Psychosurgery. The Birth of a New Scientific Paradigm
Egas Moniz and the Present Day
With:
Zbigniew Kotowicz
António Barros Veloso
Manuel Correia
Nuno Nabais
Fábrica do Braço de Prata, Lisboa
Sexta-feira, dia 8 de Junho, às 21.30h
The conviction that mental illness is a sign of a malfunctioning brain leads to a call for merging psychiatry and neurology. The author argues that this is conceptually incoherent, and he does so by demonstrating that the reason psychiatry and neurology are distinct is because, from the medical point of view, their terrains are different and because they pose different sets of methodological, epistemological and philosophical questions. The author also argues that the new vision of a unified neurology and psychiatry is clinically damaging.
Zbigniew Kotowicz
Zbigniew Kotowicz spent some fifteen years as a clinical psychologist and psychotherapist, mostly with R.D.Laing’s Philadelphia Association.
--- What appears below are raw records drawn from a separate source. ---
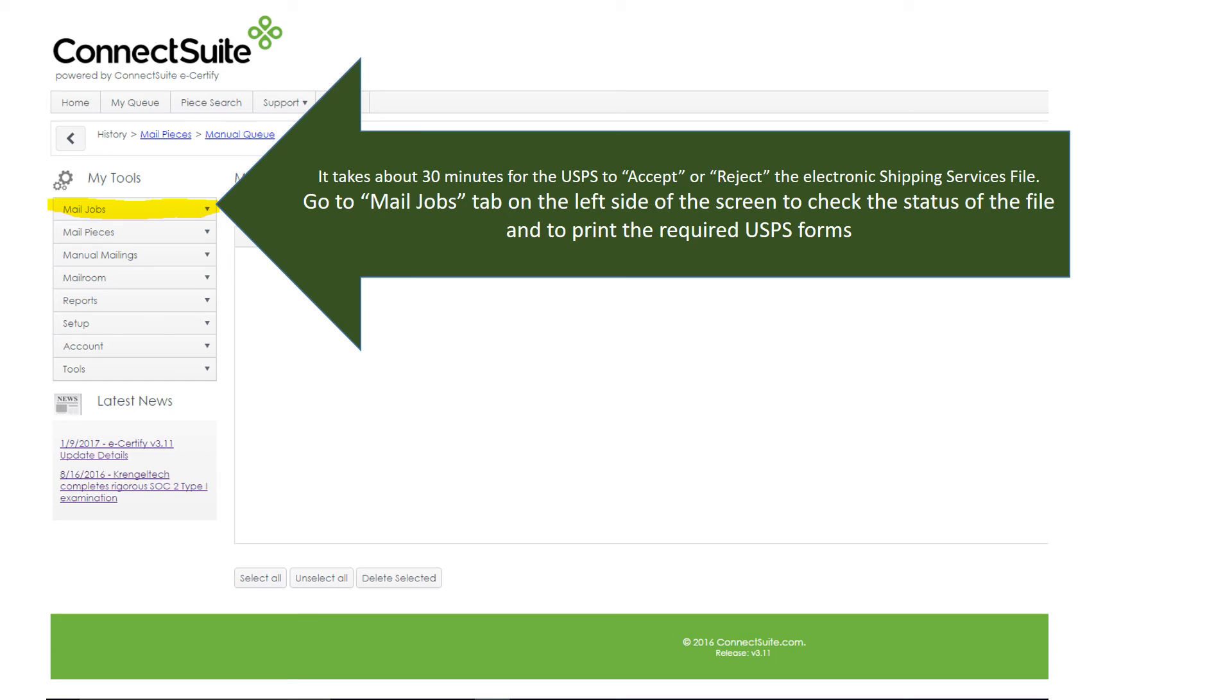It takes about 30 minutes for the Postal Service to accept or reject the electronic shipping services file. You would go to Mail Jobs tab on the left side of the screen to check the status of the file and to print out the required USPS forms.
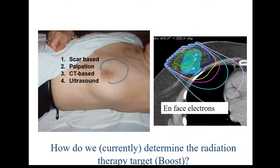Historically, boost radiation has used a variety of localization techniques. Currently, CT-based localization appears to be the dominant technique, with most centers using electrons to deliver the boost.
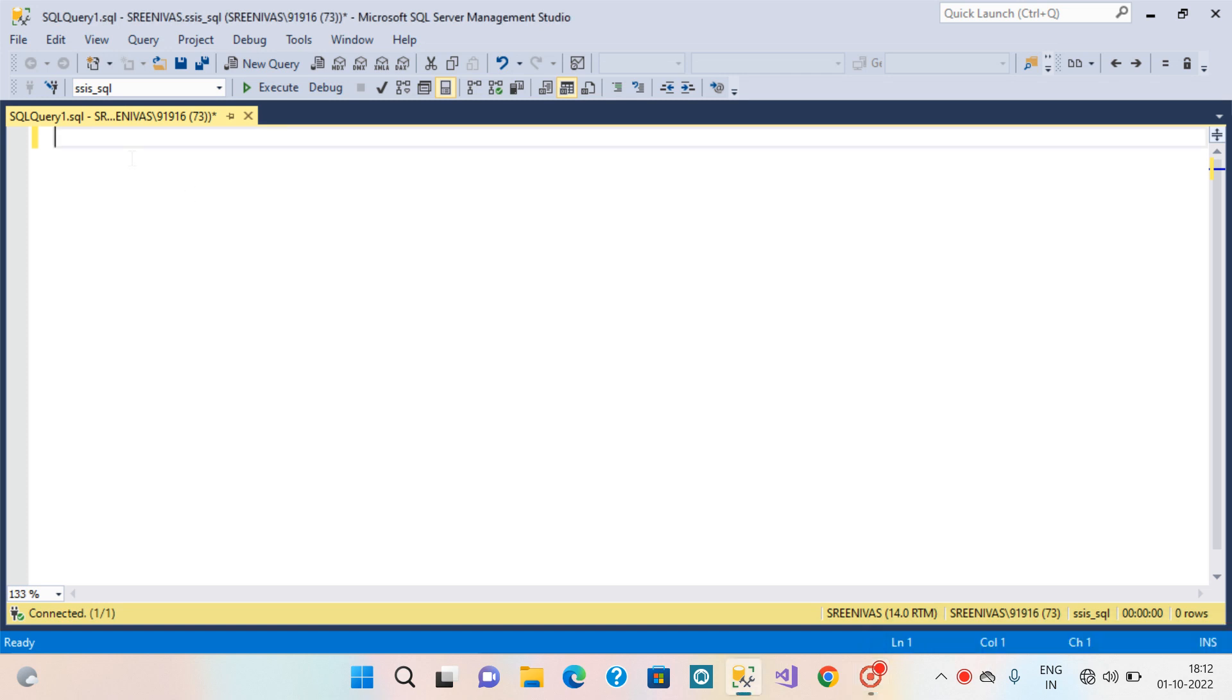Hello everyone, welcome back to my channel. In this video we are going to discuss how to extract the email first name, last name and domain as well.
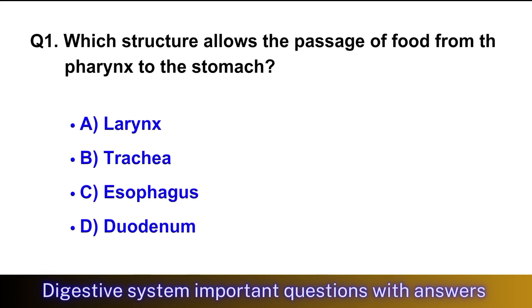Question No. 1: Which structure allows the passage of food from the pharynx to the stomach? The right option is option C, esophagus.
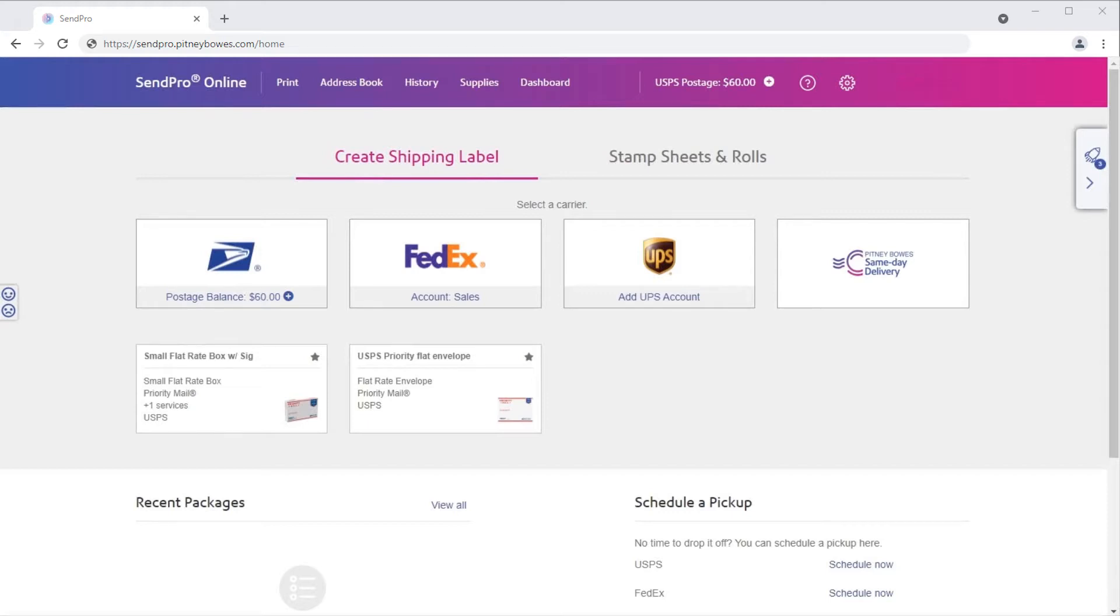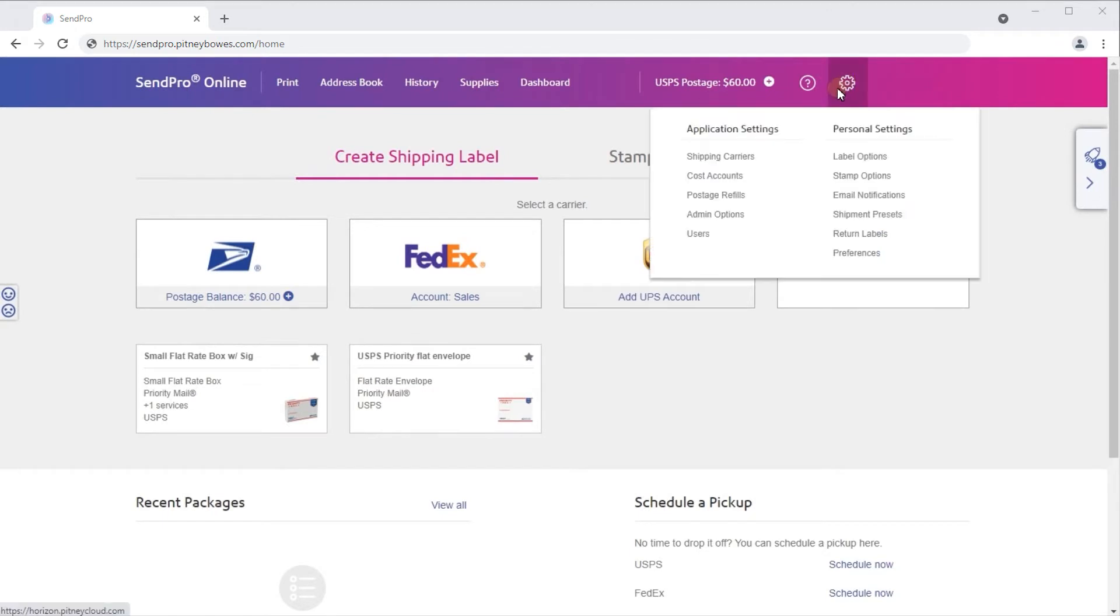From the SendPro Online homepage, click the gear icon to access settings. Then, click cost accounts.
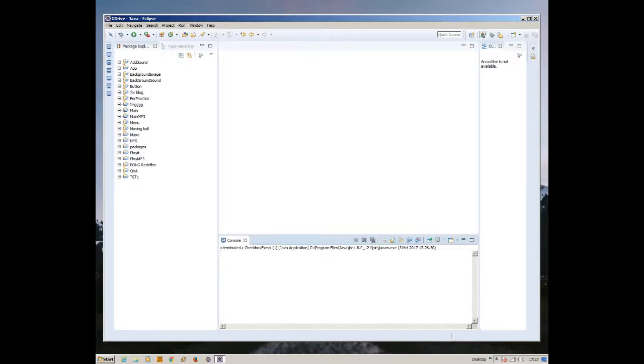How's it going everybody, this is CraftyRessy's Coding and today I'm going to show you another tutorial on Java.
Subsequently, in 1993, he took a doctorate in philosophy at the University of Warwick, writing a thesis entitled Gaston Bachelard: Multiplicity, Movement, Well-Being. He was Wellcome Research Fellow in the History of Medicine in the Department of History, Goldsmiths College, University of London between 2002 and 2005 and remained in the College until 2009. He is a member of CFCUL and a recipient of POS-DOC grant for the project Gaston Bachelard. A Theory of the Subject and Epistemological Thought (Studies of Atomism). He is head of the Centre’s internal project Bachelard: Science and Poetics.